**AIM OF THE EXERCISE:** What you return must be the data below, word for word, without any images.

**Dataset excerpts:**

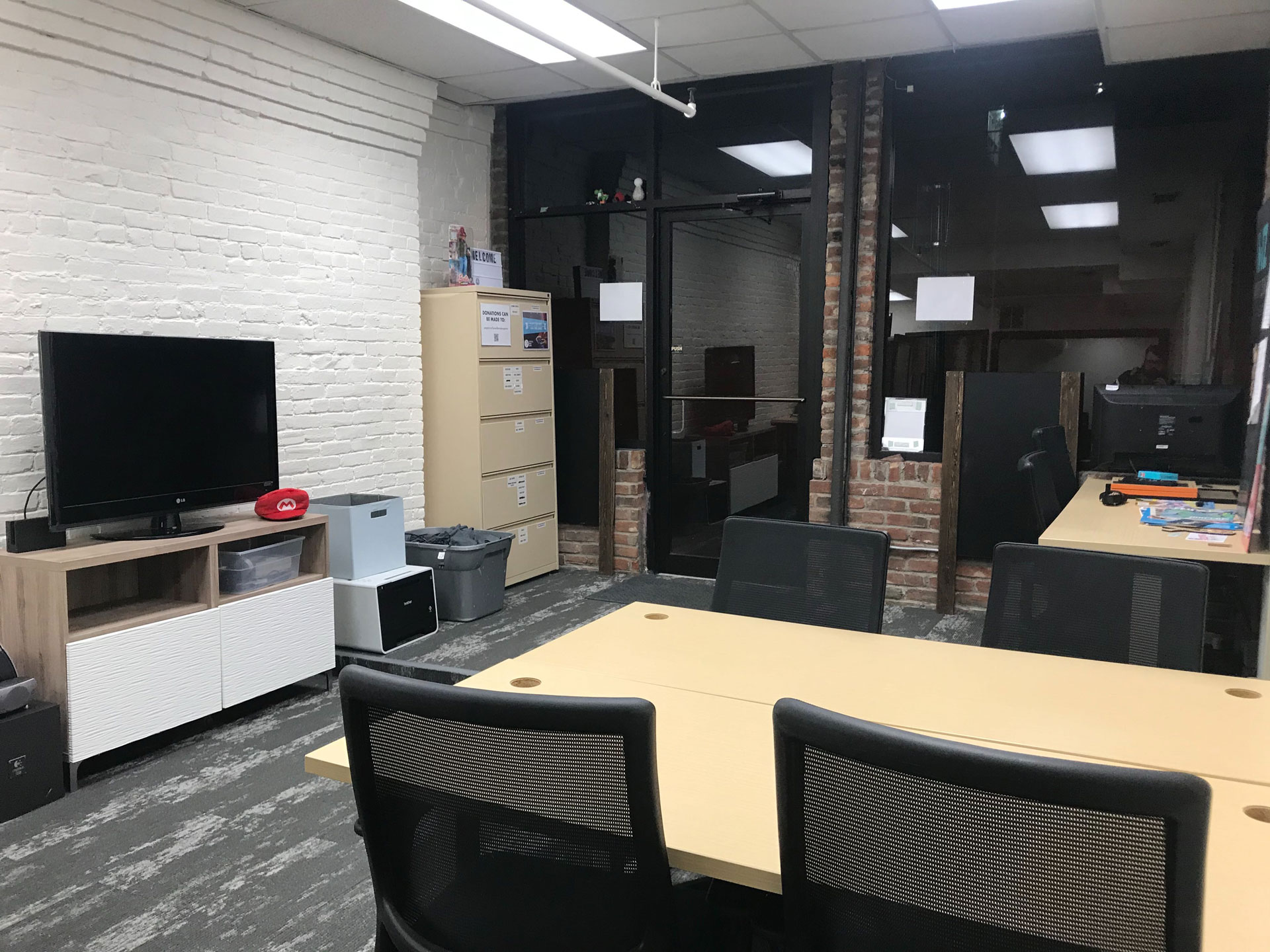 Warp Zone Louisville co-working space Louisville KY - Check out our amenities.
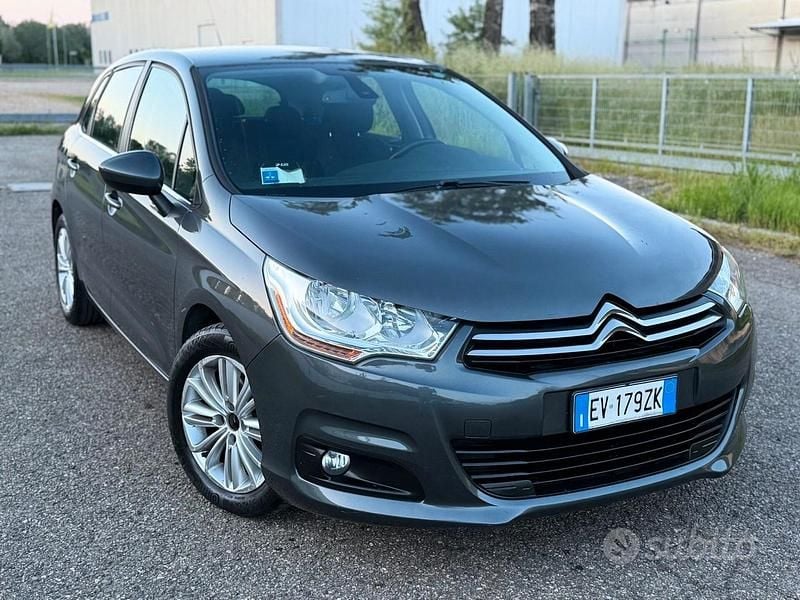 Usado Citroën C4 95 CV (69 kW) 2014 Gris Berlina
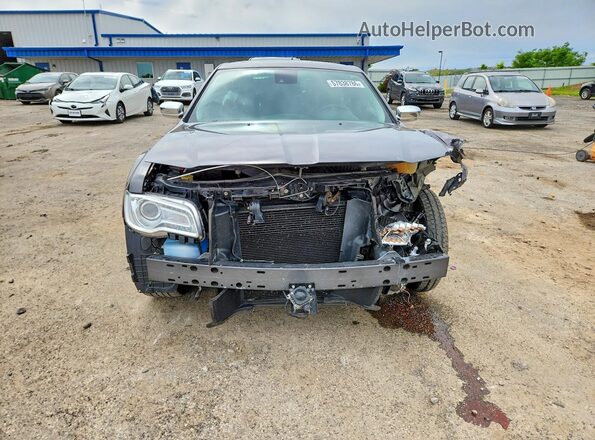 2C3CCAKGXJH304491 2018 CHRYSLER 300 Silver Widok z przodu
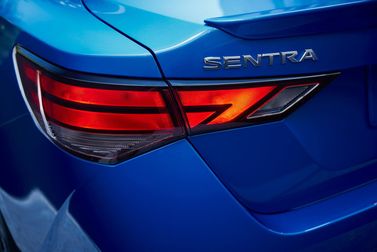 Nissan Sentra ثامناً (B18)، سيدان — المصباح الخلفي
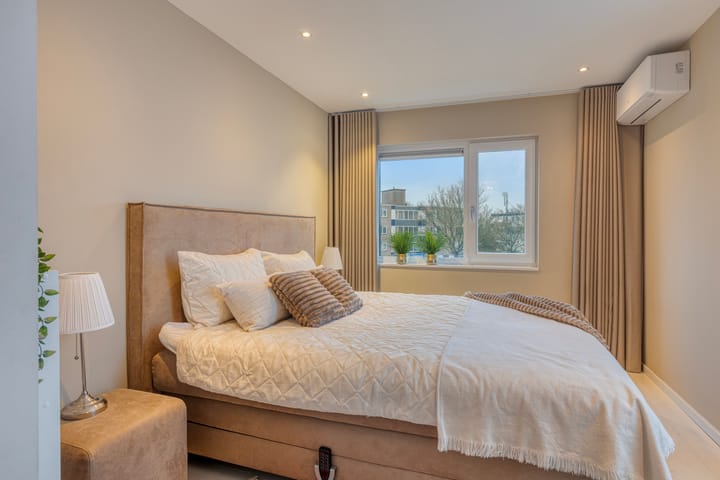 Photo 3 of Reuzenpandasingel 220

**RESPONSE AREA:**
 Warp Zone Louisville co-working space Louisville KY - Check out our amenities.
 Usado Citroën C4 95 CV (69 kW) 2014 Gris Berlina
 2C3CCAKGXJH304491 2018 CHRYSLER 300 Silver Widok z przodu
 Nissan Sentra ثامناً (B18)، سيدان — المصباح الخلفي
 Photo 3 of Reuzenpandasingel 220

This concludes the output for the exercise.